The six principles govern the way the trust operates
The Trust upholds certain core principles which underpin everything it does. As Communities within the Church, the Trust and academies look to the teaching of the Church for guidance: in particular, the principles draw heavily on Catholic social and moral teaching, which govern the way groups, societies and institutions should function.
‘Education is not and must never be considered as purely utilitarian. It is about forming the human person, equipping him or her to live life to the full – in short it is about imparting wisdom. And true wisdom is inseparable from knowledge of the Creator.’
(Pope Benedict XVI, address to teachers and religious, Twickenham, 2010)
‘God so loved the world that he gave his only son’ (St John 3:16)
To know Jesus is to know God. In Jesus, God takes on a human face’ (Pope Benedict XVI)
The Trust and each academy within the Trust are established ‘to be part of the Church’s mission, to place Christ and the teaching of the Catholic Church at the centre of people’s lives’ (Archdiocese of Birmingham, Christ at the Centre). Each academy is a missionary community withinin the wider community of the Trust. The Trust itself is part of a wider community of the Church, founded by Jesus Christ and manifested by the Holy Spirit at Pentecost. As a Catholic community each academy ‘will have confidence and conviction to engage with the Church’s mission of evangelisation in the context of today’s world’ (Diocese of Leeds, Schools of Discipleship). In a Catholic Trust we share our mission with other churches and schools which also place Christ at the centre of all they do.
‘The Glory of God is a human being fully alive’ (St Irenaeus)
The Trust believes that each person is made in the image of God, that image which has been rstored in Christ Jesus. Consequently, the Trust upholds the dignity and unique value of every human person. In return each person within the Trust has the responsibility of upholding the dignity of God and the dignity of every human person. It is of particular concern within the Trust when the dignity of the human person is diminished by poverty (be that economic poverty, or poverty in terms of family stability, or poverty of religious and spiritual culture). The Trust, therefore, embraces policies, procedures and strategies which reflect a Preferential Option for the Poor. Furthermore, within the Trust each person (made in the image of God and acting as God’s steward on earth) has a special duty to care for and protect the whole of God’s creation.
‘If you are what you should be, you will set the whole world ablaze’ (St Catherine of Sienna)

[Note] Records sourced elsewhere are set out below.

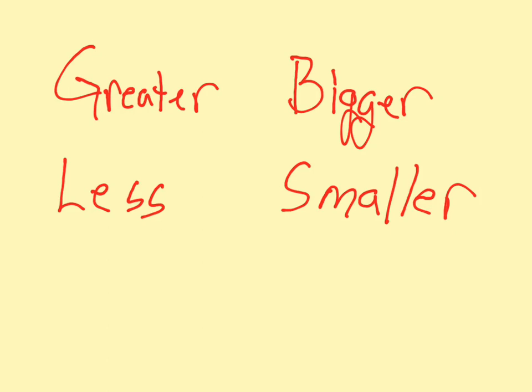Otherwise, things will start to get a little confusing. However, let's try to keep things clear and learn the difference between greater and bigger and the difference between lesser or less than and smaller.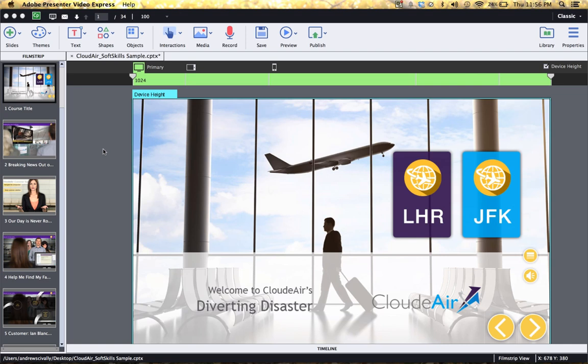Hello. During this video, we'll take a quick look at the CloudAir Adobe Captivate 8 sample course.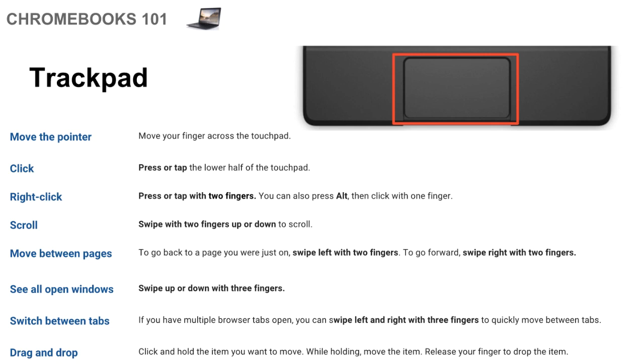If that gives you any trouble, then the other way to do it is you press the alt key down and then you can click with one finger and that will also be a right-click.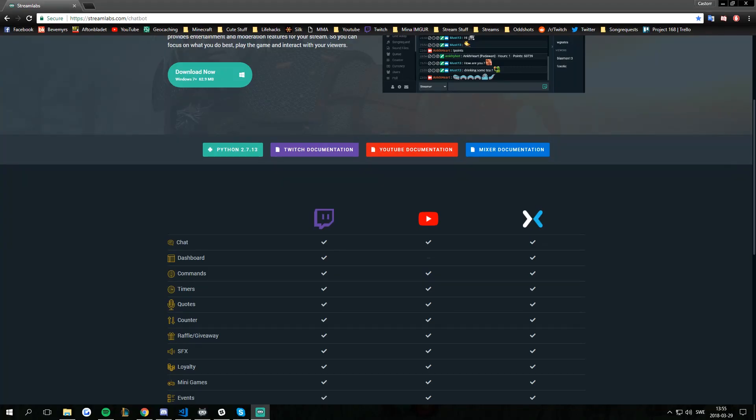Hello everyone, Kassar here with another chatbot tutorial. Today we're going to go through the first step that you need to do, and that is installing the bot.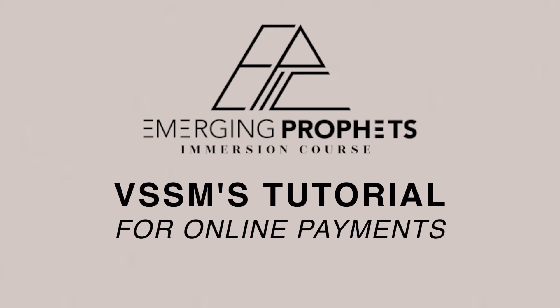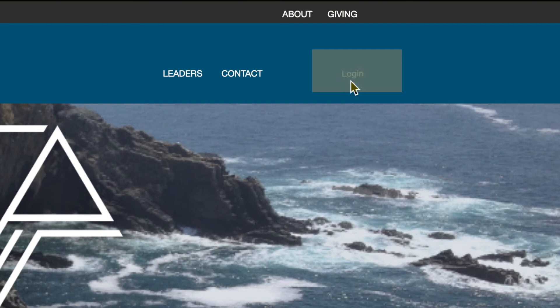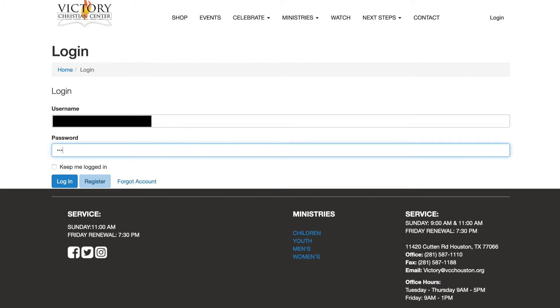Welcome to the EPIC payment tutorial. To begin, visit epic.vcchouston.org and select login on the top right corner. Enter your login credentials and select login.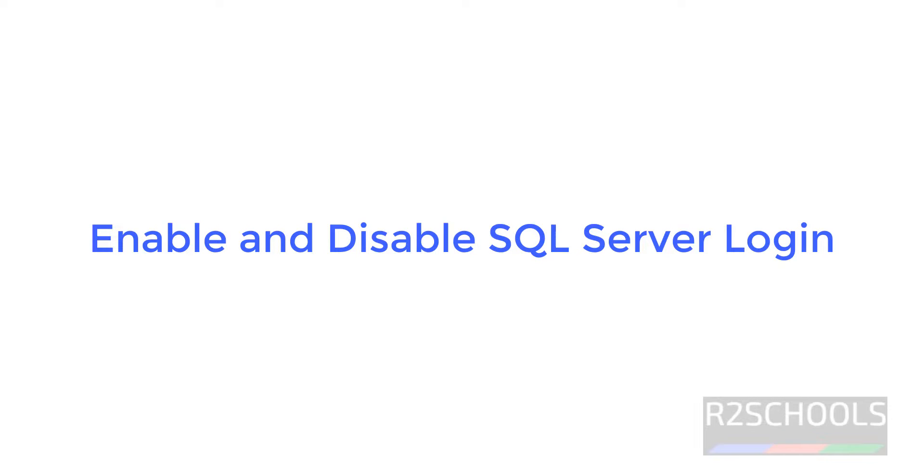Hello guys, in this video we will see how to disable and enable SQL Server login. The process is same for all SQL Server versions.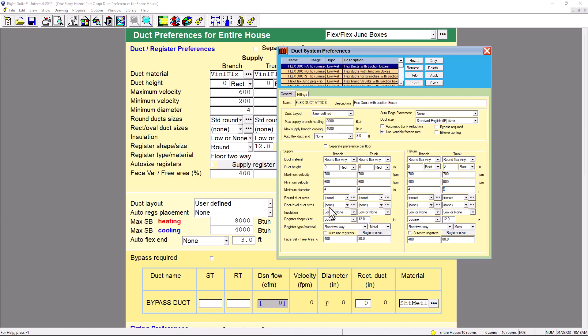And then we're going to put None for the extra options - everything None. This is just to go more into specifics. For insulation, this is not going to affect my calculation - you can put it medium or high, but just put it low or none. It's not going to affect the calculation.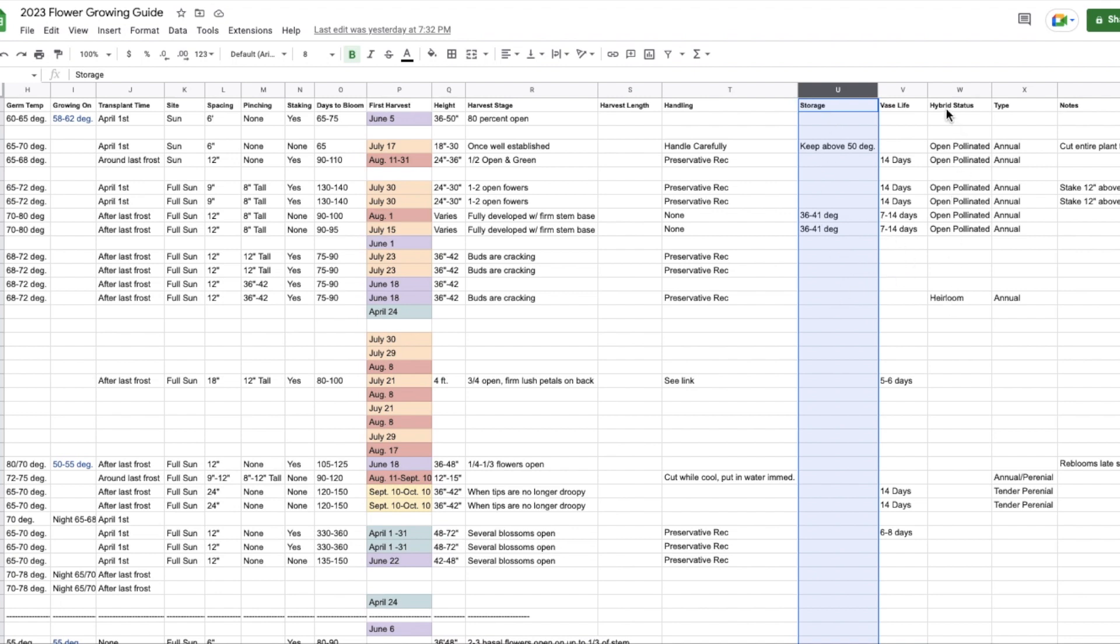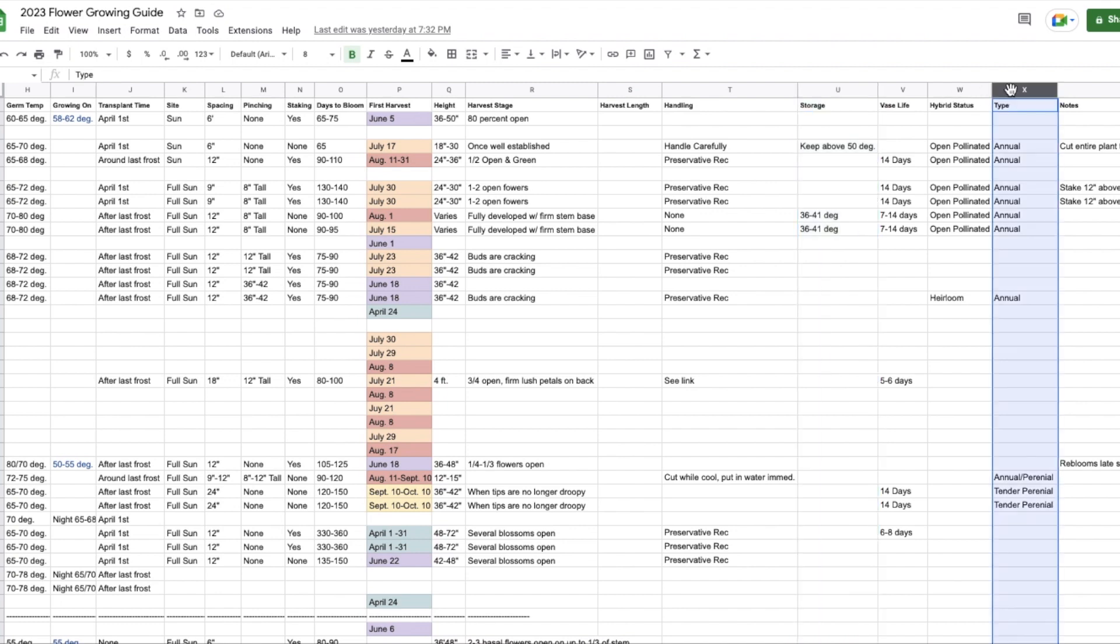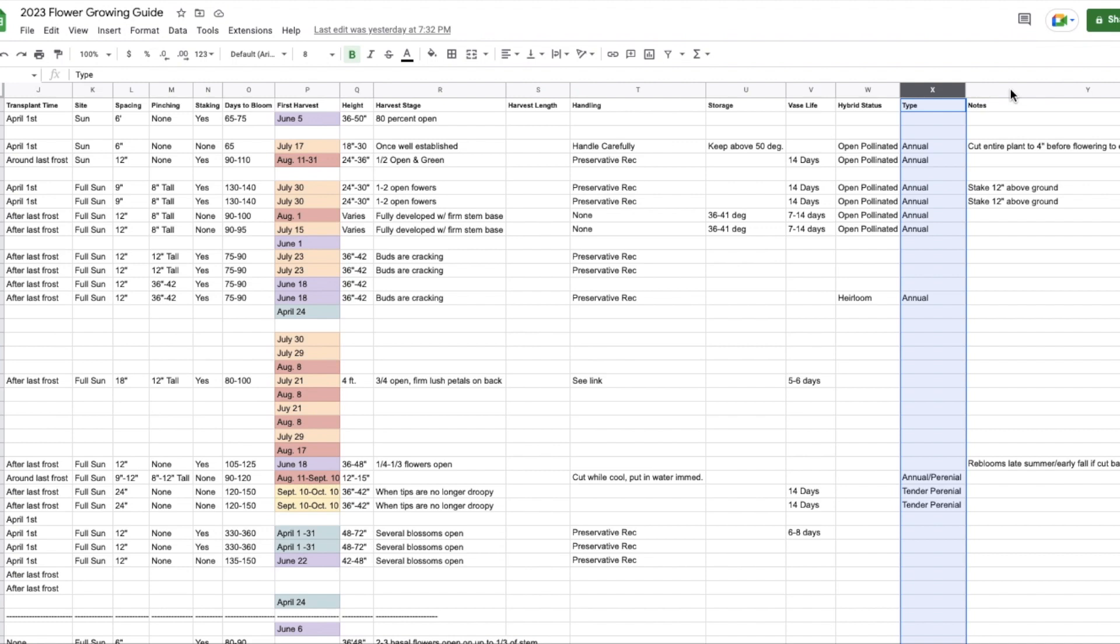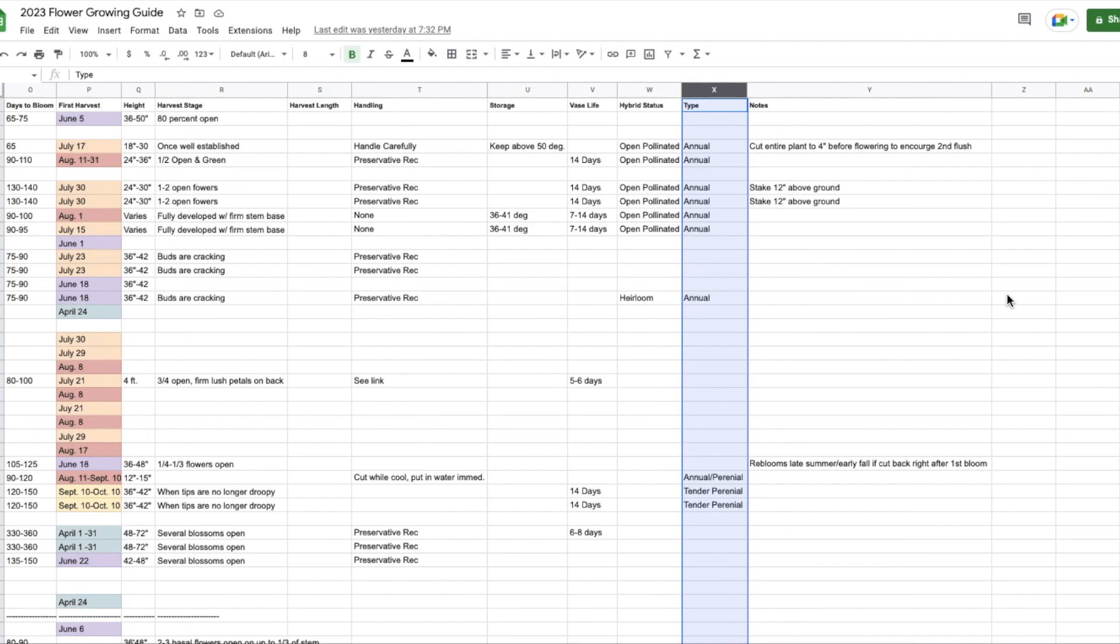Hybrid status. This is something else that I've just added within the last couple years. It's not super important. It's kind of one of those minor things that I look at every so often. But if I do think about saving seed or anything like that, I like to know which varieties that I can expect to come back true to form. Type, annual, perennial, tender perennial. Notes. These are just random notes that I've made to myself.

The children and students occupy a privileged position within the Trust: It is for their sake that the Trust and the Academy exist. The Trust has a duty to provide a safe learning environment, and a rich and robust curriculum for the full human flourishing of its children and students. The Trust and the academies strive for excellence in education, seeking to provide opportunites for realising the potential of each person within their care. We regard education to be of the whole person – academic of course, but, pastoral, moral, social, spiritual and physical as well: Each person is ‘cherished for who they are, as much as for what they achieve’ (Schools of Discipleship). A Catholic trust has the duty to assist each person to grow in wisdom and skill, in virtue and through refreshment. Moreover, the Trust endeavours to help each child and each student discover their true calling, that is, their vocation in life under God.
Within the Trust we recognise that each person is connected to and dependent on every other human person; we are bound together in inter-dependence (‘a reflection of the intimate life of God, one God in three persons’, Blessed Pope John Paul II, Sollicitudo Rei Socialis, 40). Each person and each academy within the Trust is called to work in solidarity, with a ‘firm and perservering determination to commit oneself to the Common Good; that is to say to the good of all and of each individual, because we are all responsible for all’ (Sollicitudo Rei Socialis, 38). As the Body of Christ, we are called in solidarity to work in communion and to protect human life, human dignity and those who are most vulnerable.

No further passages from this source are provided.